Mining

Kilembe Winning Bid Announcement Imminent

A motorbike rides past a Kilembe signpost

The revival of copper mining at Kilembe in the western Uganda district of Kasese is drawing closer, with the evaluation process of the four bids received at the Request for Proposal (RFP) stage, complete.

Chinese firms Liaoning Hongda (trading as Wagagai Mining), Gingko Energy, Sinomine Power China, and Sarrai Group from East and Southern Africa (the new majority shareholders of Hima Cement), were the four companies appraised.

Jervois Global, China Railway No. 10 and Mota-Engil did not take part in the final assessment after they did not submit their proposals before the December 16, 2023 deadline.

According to a Ministry of Energy and Mineral Development official, who preferred anonymity, post-evaluation visits to the companies’ premises to corroborate the content shared in their written proposals are planned, before the winning bid is announced.

A comprehensive post-evaluation due diligence is important, the official noted, to prevent a repeat of the setback from the previous concession owners, Tibet-Hima.

In 2013, Tibet-Hima, a Chinese consortium, was awarded a 25-year concession to revamp the Kilembe mines. However, this was terminated in 2017 after government accused the company of failure to fulfill most of its contractual obligations.

Tibet-Hima was said to have lacked the adequate capacity to revive Kilembe as it had claimed in its bid. Though a government team had visited China to assess the consortium’s capabilities before it was awarded the contract, some industry observers felt their assessment was not thorough enough.

Certain reports claimed Tibet-Hima’s troubles started after a more established copper industry player it had hoped to partner with in the Kilembe venture backed out.

Uganda is hoping that the winning bid this time around – expected to be announced before the end of the current financial year in June 2024 – is the real deal.

Opportunity

Canadian firm Falconbridge operated the Kilembe mines in addition to a copper smelting plant in Jinja from 1956 to 1975 before it relinquished ownership to the state.

Following a combination of depressed world copper prices and inflation that eroded profits, mining ceased in 1982.

Since then, Kilembe has operated on a care and maintenance basis.

More recently, the transition to green technology has become a key driver of future copper demand. Copper is essential in electric vehicles, renewable energy systems and other technologies in the shift away from fossil fuels.

Alex Kwatampora, a former project manager under Tibet-Hima and currently a geotechnical consultant at Mpora Geo-Tech, believes these copper prospects currently can make Kilembe influential in Uganda again as it was in its early years.

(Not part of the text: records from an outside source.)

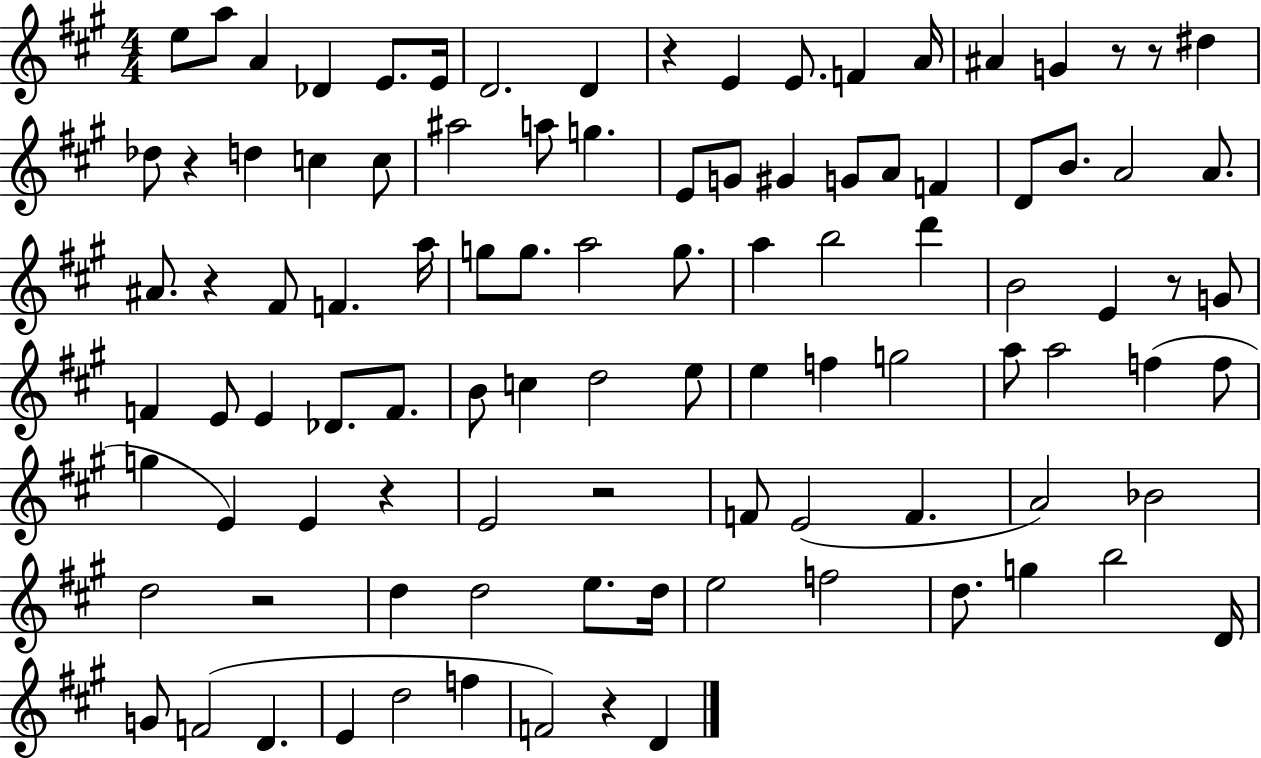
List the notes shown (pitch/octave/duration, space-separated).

E5/e A5/e A4/q Db4/q E4/e. E4/s D4/h. D4/q R/q E4/q E4/e. F4/q A4/s A#4/q G4/q R/e R/e D#5/q Db5/e R/q D5/q C5/q C5/e A#5/h A5/e G5/q. E4/e G4/e G#4/q G4/e A4/e F4/q D4/e B4/e. A4/h A4/e. A#4/e. R/q F#4/e F4/q. A5/s G5/e G5/e. A5/h G5/e. A5/q B5/h D6/q B4/h E4/q R/e G4/e F4/q E4/e E4/q Db4/e. F4/e. B4/e C5/q D5/h E5/e E5/q F5/q G5/h A5/e A5/h F5/q F5/e G5/q E4/q E4/q R/q E4/h R/h F4/e E4/h F4/q. A4/h Bb4/h D5/h R/h D5/q D5/h E5/e. D5/s E5/h F5/h D5/e. G5/q B5/h D4/s G4/e F4/h D4/q. E4/q D5/h F5/q F4/h R/q D4/q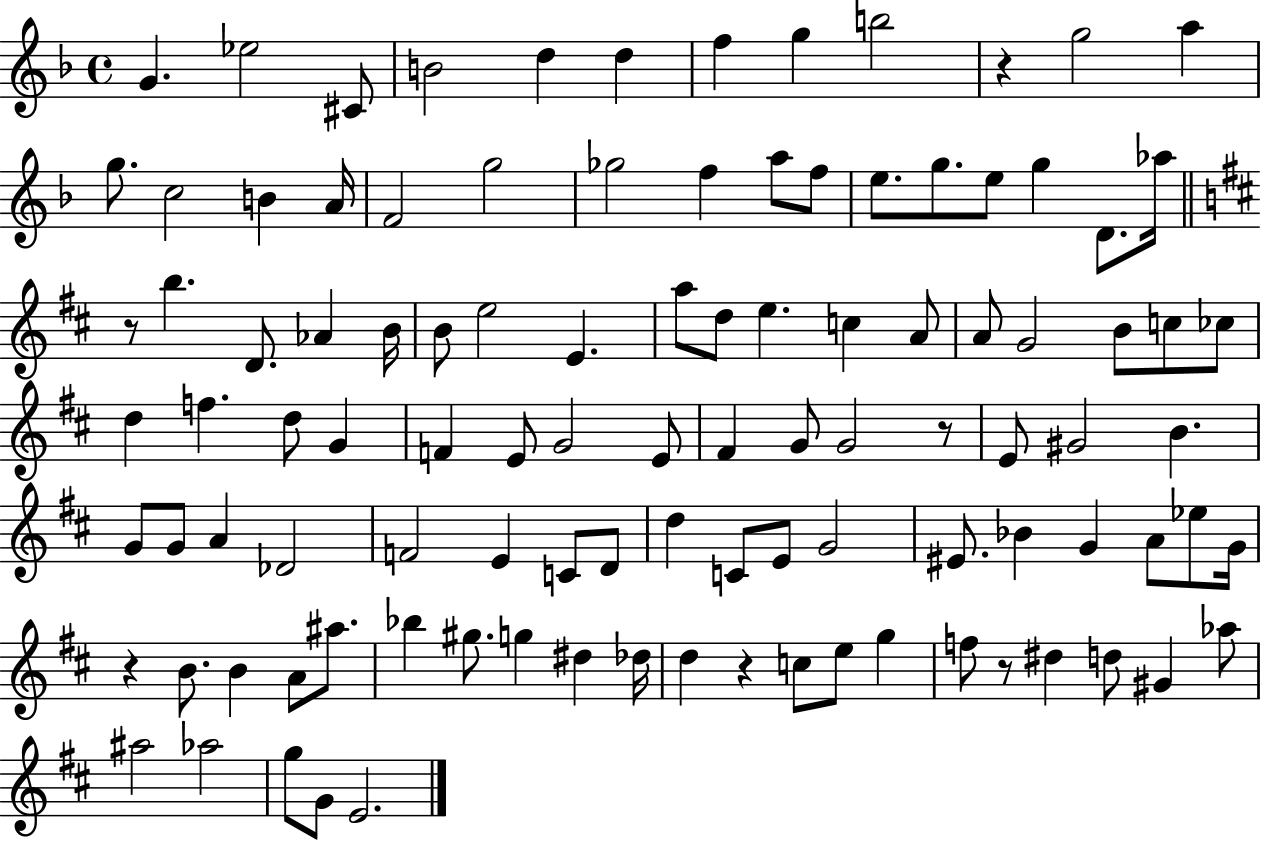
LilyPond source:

{
  \clef treble
  \time 4/4
  \defaultTimeSignature
  \key f \major
  g'4. ees''2 cis'8 | b'2 d''4 d''4 | f''4 g''4 b''2 | r4 g''2 a''4 | \break g''8. c''2 b'4 a'16 | f'2 g''2 | ges''2 f''4 a''8 f''8 | e''8. g''8. e''8 g''4 d'8. aes''16 | \break \bar "||" \break \key d \major r8 b''4. d'8. aes'4 b'16 | b'8 e''2 e'4. | a''8 d''8 e''4. c''4 a'8 | a'8 g'2 b'8 c''8 ces''8 | \break d''4 f''4. d''8 g'4 | f'4 e'8 g'2 e'8 | fis'4 g'8 g'2 r8 | e'8 gis'2 b'4. | \break g'8 g'8 a'4 des'2 | f'2 e'4 c'8 d'8 | d''4 c'8 e'8 g'2 | eis'8. bes'4 g'4 a'8 ees''8 g'16 | \break r4 b'8. b'4 a'8 ais''8. | bes''4 gis''8. g''4 dis''4 des''16 | d''4 r4 c''8 e''8 g''4 | f''8 r8 dis''4 d''8 gis'4 aes''8 | \break ais''2 aes''2 | g''8 g'8 e'2. | \bar "|."
}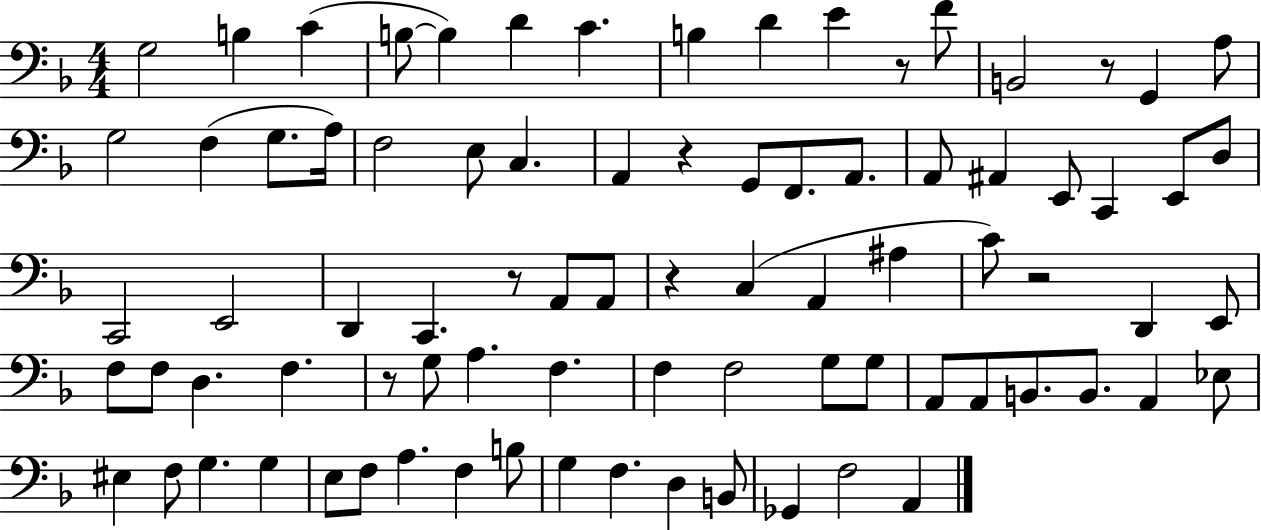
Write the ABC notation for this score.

X:1
T:Untitled
M:4/4
L:1/4
K:F
G,2 B, C B,/2 B, D C B, D E z/2 F/2 B,,2 z/2 G,, A,/2 G,2 F, G,/2 A,/4 F,2 E,/2 C, A,, z G,,/2 F,,/2 A,,/2 A,,/2 ^A,, E,,/2 C,, E,,/2 D,/2 C,,2 E,,2 D,, C,, z/2 A,,/2 A,,/2 z C, A,, ^A, C/2 z2 D,, E,,/2 F,/2 F,/2 D, F, z/2 G,/2 A, F, F, F,2 G,/2 G,/2 A,,/2 A,,/2 B,,/2 B,,/2 A,, _E,/2 ^E, F,/2 G, G, E,/2 F,/2 A, F, B,/2 G, F, D, B,,/2 _G,, F,2 A,,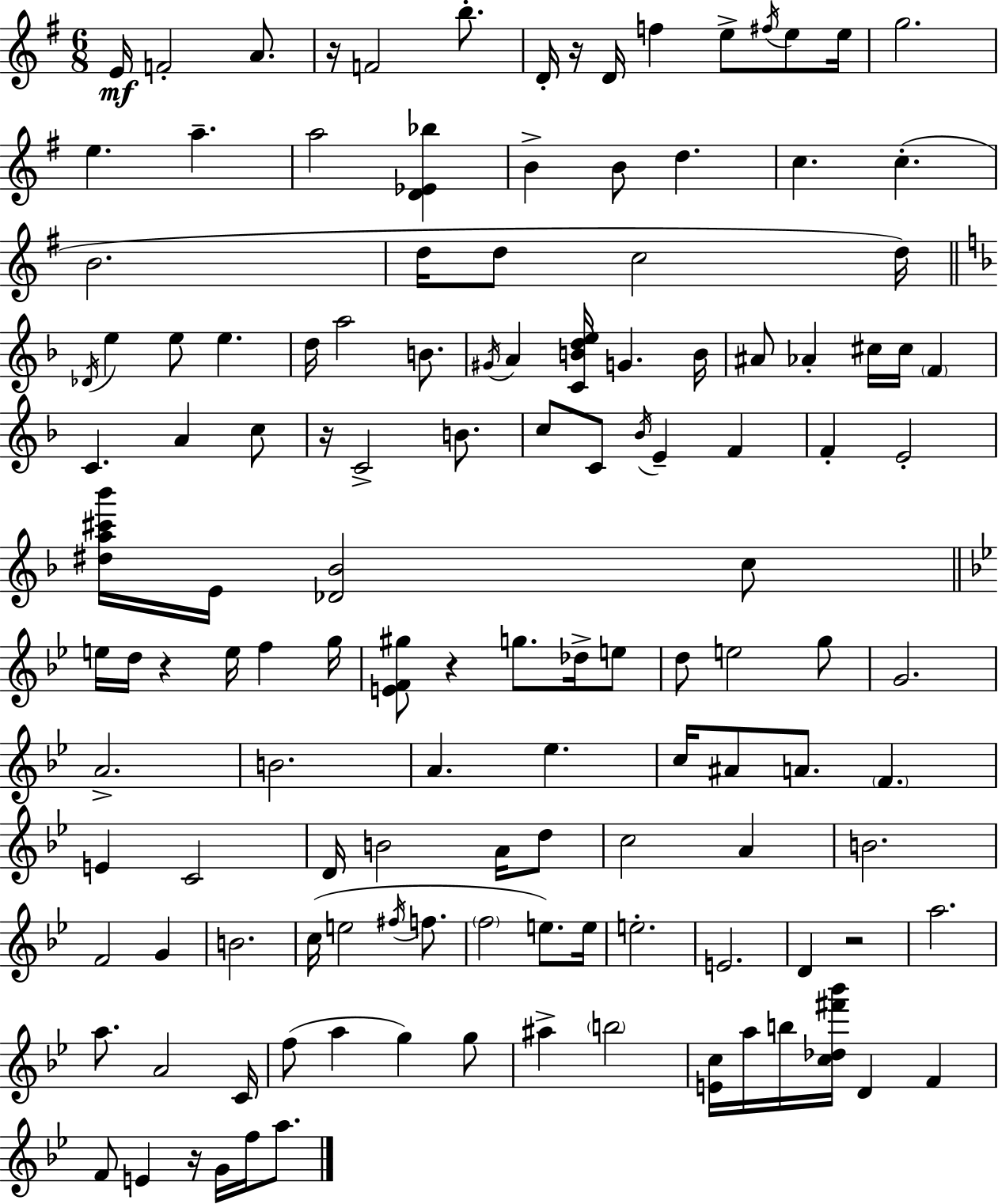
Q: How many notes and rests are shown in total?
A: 131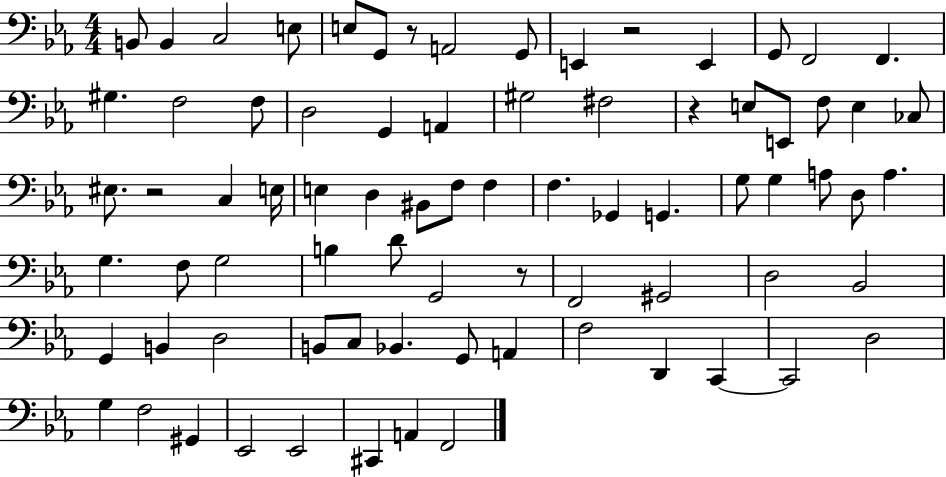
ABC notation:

X:1
T:Untitled
M:4/4
L:1/4
K:Eb
B,,/2 B,, C,2 E,/2 E,/2 G,,/2 z/2 A,,2 G,,/2 E,, z2 E,, G,,/2 F,,2 F,, ^G, F,2 F,/2 D,2 G,, A,, ^G,2 ^F,2 z E,/2 E,,/2 F,/2 E, _C,/2 ^E,/2 z2 C, E,/4 E, D, ^B,,/2 F,/2 F, F, _G,, G,, G,/2 G, A,/2 D,/2 A, G, F,/2 G,2 B, D/2 G,,2 z/2 F,,2 ^G,,2 D,2 _B,,2 G,, B,, D,2 B,,/2 C,/2 _B,, G,,/2 A,, F,2 D,, C,, C,,2 D,2 G, F,2 ^G,, _E,,2 _E,,2 ^C,, A,, F,,2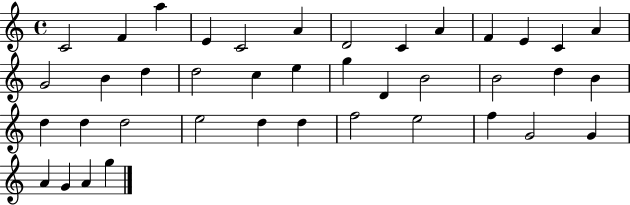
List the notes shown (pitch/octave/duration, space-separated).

C4/h F4/q A5/q E4/q C4/h A4/q D4/h C4/q A4/q F4/q E4/q C4/q A4/q G4/h B4/q D5/q D5/h C5/q E5/q G5/q D4/q B4/h B4/h D5/q B4/q D5/q D5/q D5/h E5/h D5/q D5/q F5/h E5/h F5/q G4/h G4/q A4/q G4/q A4/q G5/q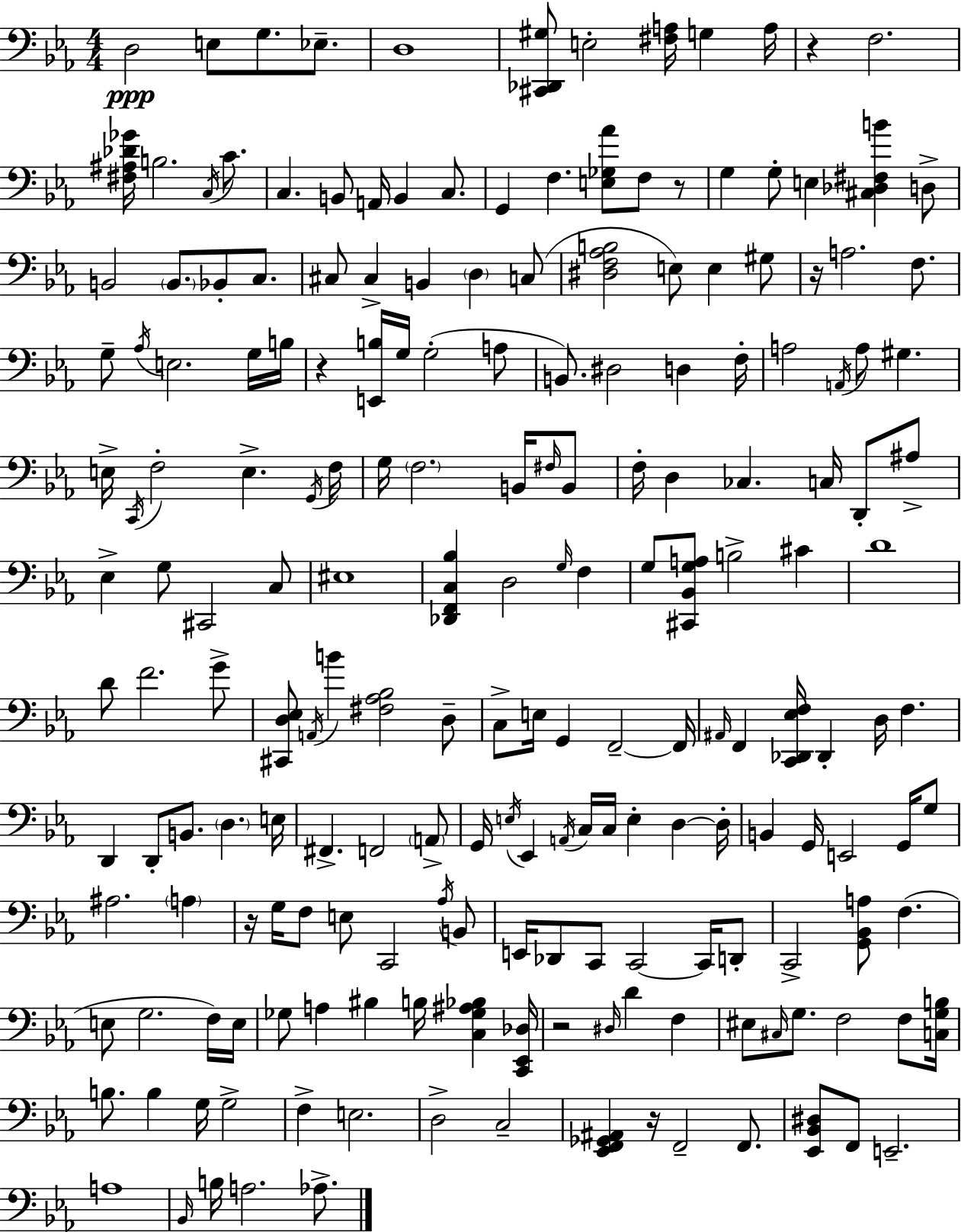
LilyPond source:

{
  \clef bass
  \numericTimeSignature
  \time 4/4
  \key ees \major
  \repeat volta 2 { d2\ppp e8 g8. ees8.-- | d1 | <cis, des, gis>8 e2-. <fis a>16 g4 a16 | r4 f2. | \break <fis ais des' ges'>16 b2. \acciaccatura { c16 } c'8. | c4. b,8 a,16 b,4 c8. | g,4 f4. <e ges aes'>8 f8 r8 | g4 g8-. e4 <cis des fis b'>4 d8-> | \break b,2 \parenthesize b,8. bes,8-. c8. | cis8 cis4-> b,4 \parenthesize d4 c8( | <dis f aes b>2 e8) e4 gis8 | r16 a2. f8. | \break g8-- \acciaccatura { aes16 } e2. | g16 b16 r4 <e, b>16 g16 g2-.( | a8 b,8.) dis2 d4 | f16-. a2 \acciaccatura { a,16 } a8 gis4. | \break e16-> \acciaccatura { c,16 } f2-. e4.-> | \acciaccatura { g,16 } f16 g16 \parenthesize f2. | b,16 \grace { fis16 } b,8 f16-. d4 ces4. | c16 d,8-. ais8-> ees4-> g8 cis,2 | \break c8 eis1 | <des, f, c bes>4 d2 | \grace { g16 } f4 g8 <cis, bes, g a>8 b2-> | cis'4 d'1 | \break d'8 f'2. | g'8-> <cis, d ees>8 \acciaccatura { a,16 } b'4 <fis aes bes>2 | d8-- c8-> e16 g,4 f,2--~~ | f,16 \grace { ais,16 } f,4 <c, des, ees f>16 des,4-. | \break d16 f4. d,4 d,8-. b,8. | \parenthesize d4. e16 fis,4.-> f,2 | \parenthesize a,8-> g,16 \acciaccatura { e16 } ees,4 \acciaccatura { a,16 } | c16 c16 e4-. d4~~ d16-. b,4 g,16 | \break e,2 g,16 g8 ais2. | \parenthesize a4 r16 g16 f8 e8 | c,2 \acciaccatura { aes16 } b,8 e,16 des,8 c,8 | c,2~~ c,16 d,8-. c,2-> | \break <g, bes, a>8 f4.( e8 g2. | f16) e16 ges8 a4 | bis4 b16 <c ges ais bes>4 <c, ees, des>16 r2 | \grace { dis16 } d'4 f4 eis8 \grace { cis16 } | \break g8. f2 f8 <c g b>16 b8. | b4 g16 g2-> f4-> | e2. d2-> | c2-- <ees, f, ges, ais,>4 | \break r16 f,2-- f,8. <ees, bes, dis>8 | f,8 e,2.-- a1 | \grace { bes,16 } b16 | a2. aes8.-> } \bar "|."
}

Kwatampora poses at a Kilembe mine

“This redevelopment is long overdue considering the vast potential. Granted I do have sentimental attachment to Kilembe seeing that my father dedicated his career to the company from 1957 to 1992 before I followed suit as a geologist in the 1990s and later served as a project manager there,” said Kwatampora, who also heads the Geological Society of Uganda (GSU).

It is estimated that there are 4.5 million tonnes of proven copper ore reserves at Kilembe, based on a cut-off grade of 1.77% – higher than the global standard of 0.6%.

2,000 acres of the mining lease remain unexplored.

The copper at Kilembe is associated with cobalt (another green energy mineral); with gold also said to be present in the ore. Kasese Cobalt Company Ltd (KCCL) has in the past exploited the cobalt stockpiles.

Whoever wins the bid is expected to verify the available data and carry out more exploration on the license. Kilembe has 621 sq km of exploration licenses that stretch from Kasese to the border with the Democratic Republic of Congo (DRC).

The new investor will also be expected to set up smelting and refining plants, with beneficiation a top priority of the Uganda government.

Apart from improving Uganda’s revenues and creating employment opportunities, Kwatampora hopes pending copper production at Kilembe will force the authorities to address the frequent floods in the area and also rehabilitate the dilapidated infrastructure including housing, roads, the railway and airstrip.

He also wants to see copper and cobalt from the neighboring DRC smelted and refined here once the plants are established.

Uganda is targeting to produce 2,000 metric tonnes of copper within five years, not only from Kilembe but from other prospective areas around the country that were captured during the airborne geophysical surveys.